On Mon, 10 Oct 2005 12:18:42 +1000, Steven D'Aprano <[EMAIL PROTECTED]> wrote:
>George Sakkis wrote:
>
>> Steven D'Aprano wrote:
>>
>>
>>>On Sun, 09 Oct 2005 23:00:04 +0300, Ville Voipio wrote:
>>>
>>>
>>>>I would need to make some high-reliability software
>>>>running on Linux in an embedded system. Performance
>>>>(or lack of it) is not an issue, reliability is.
>>>
>>>[snip]
>>>
>>>
>>>>The software should be running continously for
>>>>practically forever (at least a year without a reboot).
>>>>Is the Python interpreter (on Linux) stable and
>>>>leak-free enough to achieve this?
>>>
>>>If performance is really not such an issue, would it really matter if you
>>>periodically restarted Python? Starting Python takes a tiny amount of time:
>>
>>
>> You must have missed or misinterpreted the "The software should be
>> running continously for practically forever" part. The problem of
>> restarting python is not the 200 msec lost but putting at stake
>> reliability (e.g. for health monitoring devices, avionics, nuclear
>> reactor controllers, etc.) and robustness (e.g. a computation that
>> takes weeks of cpu time to complete is interrupted without the
>> possibility to restart from the point it stopped).
>
>
>Er, no, I didn't miss that at all.
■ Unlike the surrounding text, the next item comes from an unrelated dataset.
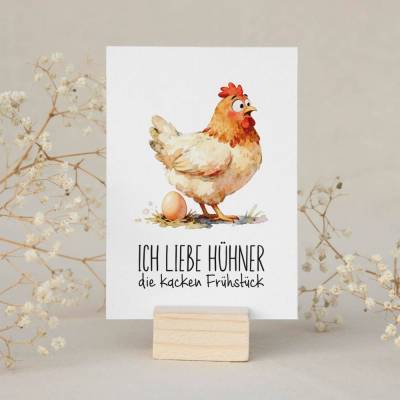 Postkarte *Ich liebe Hühner* / Geschenkkarte mit witzigen Spruch, optional mit Umschlag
I did miss that it
>needed continual network connections. I don't know if
>there is a way around that issue, although mobile
>phones move in and out of network areas, swapping
>connections when and as needed.
>
>But as for reliability, well, tell that to Buzz Aldrin
>and Neil Armstrong. The Apollo 11 moon lander rebooted
>multiple times on the way down to the surface. It was
>designed to recover gracefully when rebooting unexpectedly:
>
>http://www.hq.nasa.gov/office/pao/History/alsj/a11/a11.1201-pa.html
>

This reminds me of crash-only software:

  http://www.stanford.edu/~candea/papers/crashonly/crashonly.html

Which seems to have some merits.  I have yet to attempt to develop any large 
scale software explicitly using this technique (although I have worked on 
several systems that very loosely used this approach; eg, a server which 
divided tasks into two processes, with one restarting the other whenever it 
noticed it was gone), but as you point out, there's certainly precedent.